RECORDS FOR PROCESSING Start Marker

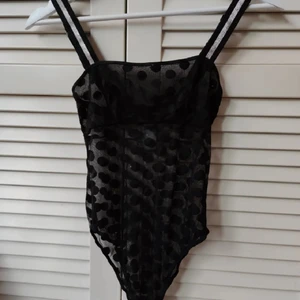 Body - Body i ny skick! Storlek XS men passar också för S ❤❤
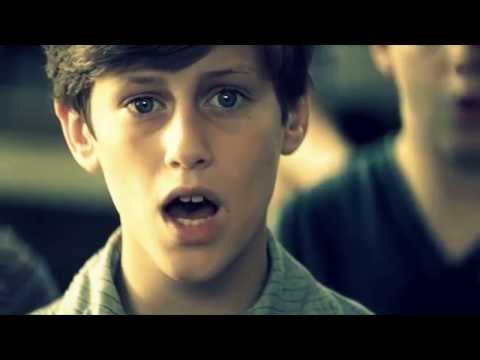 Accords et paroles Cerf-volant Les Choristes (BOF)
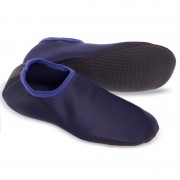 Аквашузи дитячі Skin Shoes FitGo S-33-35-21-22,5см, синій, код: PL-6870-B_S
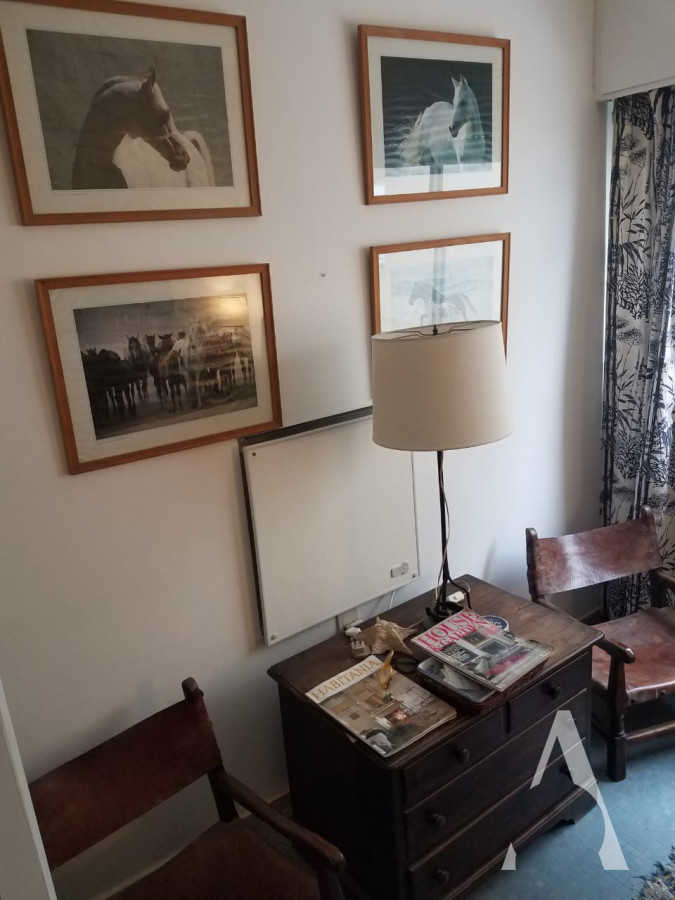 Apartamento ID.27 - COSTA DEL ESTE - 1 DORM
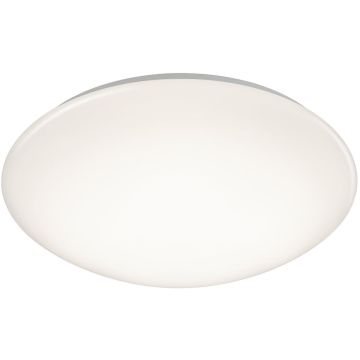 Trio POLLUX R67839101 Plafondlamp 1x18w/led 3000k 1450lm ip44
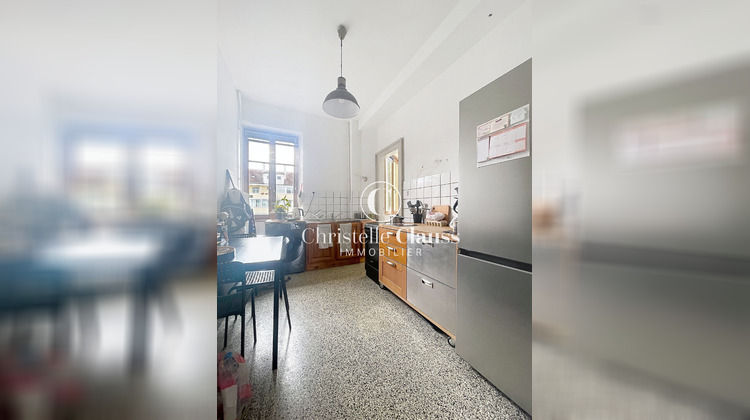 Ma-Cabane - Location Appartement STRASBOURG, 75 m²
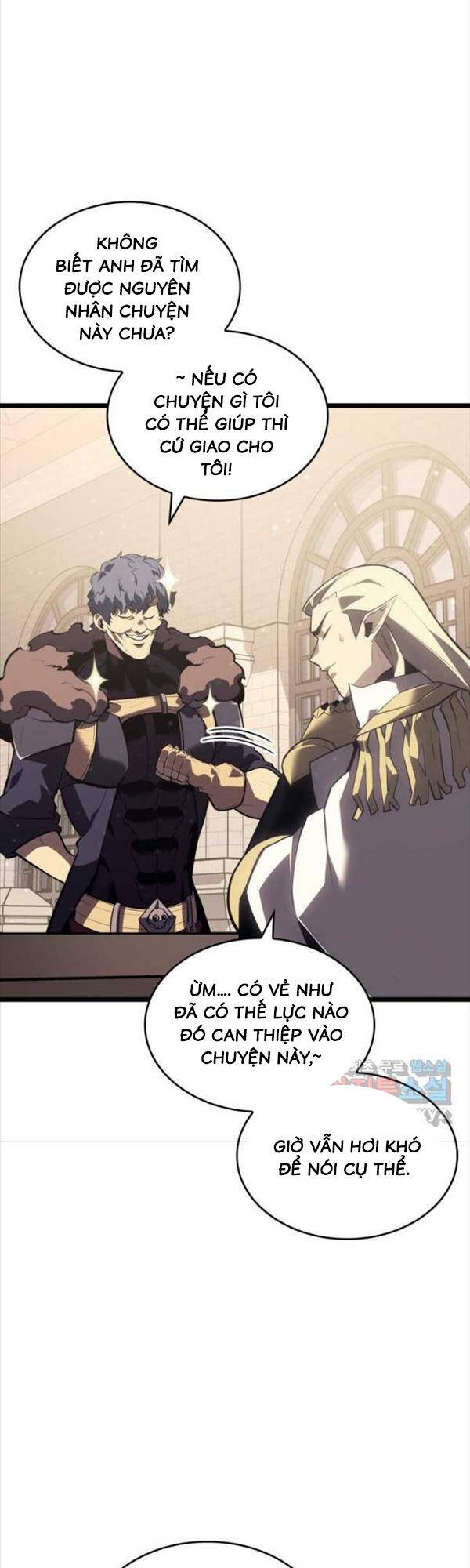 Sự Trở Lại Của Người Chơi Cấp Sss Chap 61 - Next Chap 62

RECORDS FOR PROCESSING End Marker

WHAT THE EXERCISE ASKS = Could you retype every record exactly, leaving the pictures out?

RESULT OF THIS EXERCISE =
 Body - Body i ny skick! Storlek XS men passar också för S ❤❤
 Accords et paroles Cerf-volant Les Choristes (BOF)
 Аквашузи дитячі Skin Shoes FitGo S-33-35-21-22,5см, синій, код: PL-6870-B_S
 Apartamento ID.27 - COSTA DEL ESTE - 1 DORM
 Trio POLLUX R67839101 Plafondlamp 1x18w/led 3000k 1450lm ip44
 Ma-Cabane - Location Appartement STRASBOURG, 75 m²
 Sự Trở Lại Của Người Chơi Cấp Sss Chap 61 - Next Chap 62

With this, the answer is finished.